Task objective: Make an exact copy of the data below, leaving out every picture.

*** Dataset extract

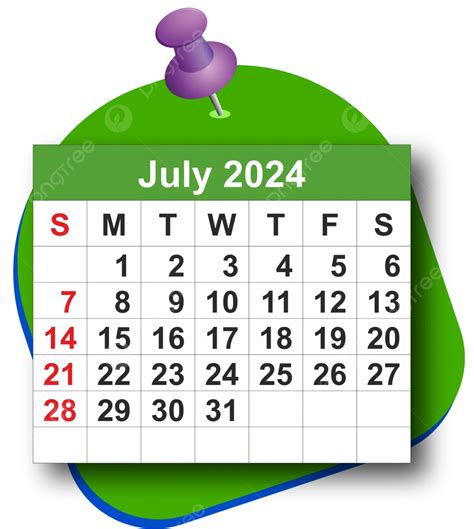 Julho De 2024 Calendário Mensal Design Ai Vector Png Julho De 2024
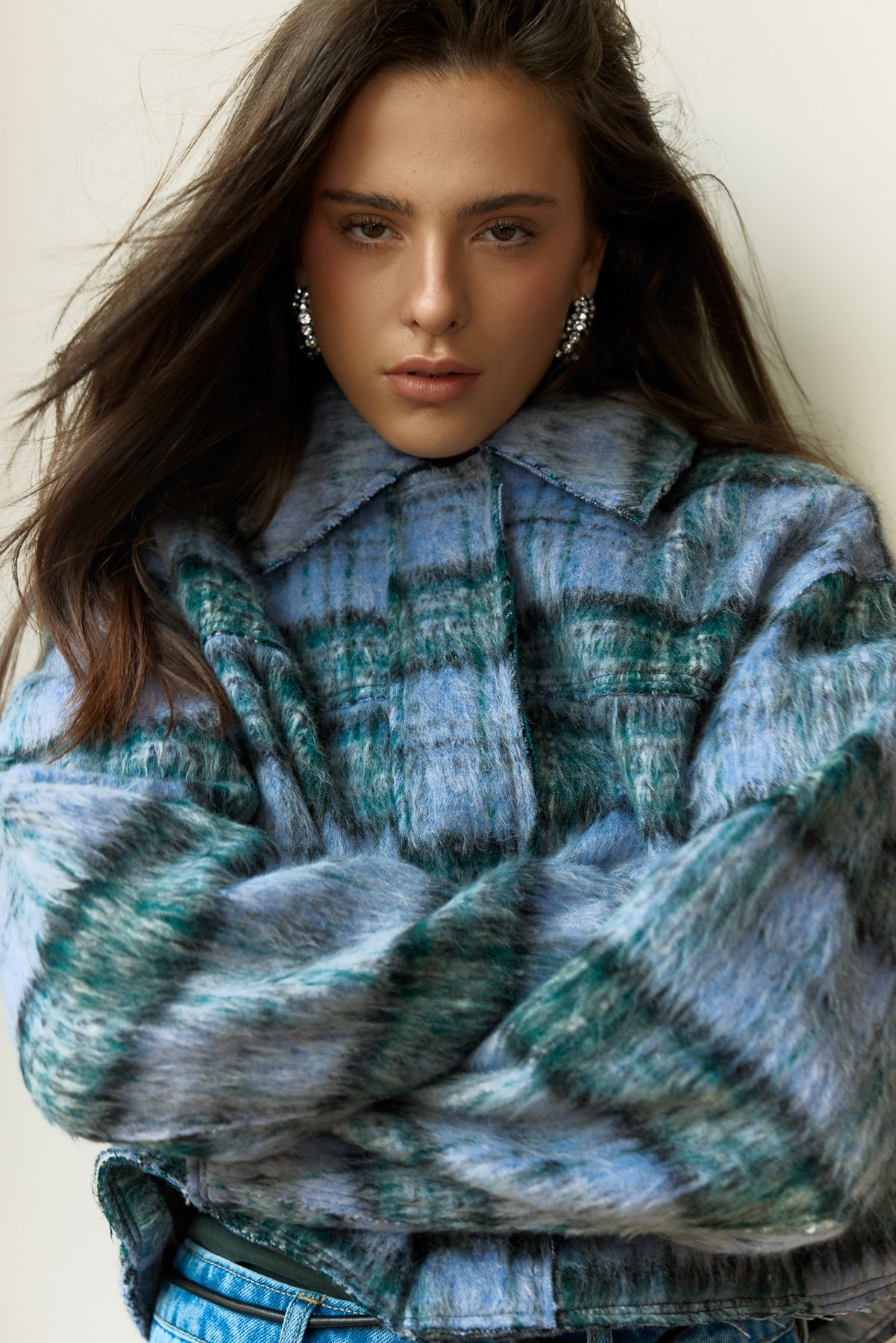 Image of a model wearing Outerwear. Product name - Zoe Cropped Coat in Purple Check colour by brand - Sass Clothing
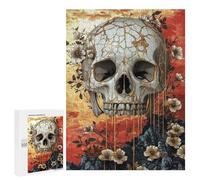 Golden Skull with Flowers Art Print-5 Puzzle 1000 Pièces Educa Jouet en Bois Cadeau Unique Décoration Intérieure Jeu Éducatif Challenge Toy Adultes Et Enfants À Partir De 14 Ans 500 PCS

******

Solution to this problem:
 Julho De 2024 Calendário Mensal Design Ai Vector Png Julho De 2024
 Image of a model wearing Outerwear. Product name - Zoe Cropped Coat in Purple Check colour by brand - Sass Clothing
 Golden Skull with Flowers Art Print-5 Puzzle 1000 Pièces Educa Jouet en Bois Cadeau Unique Décoration Intérieure Jeu Éducatif Challenge Toy Adultes Et Enfants À Partir De 14 Ans 500 PCS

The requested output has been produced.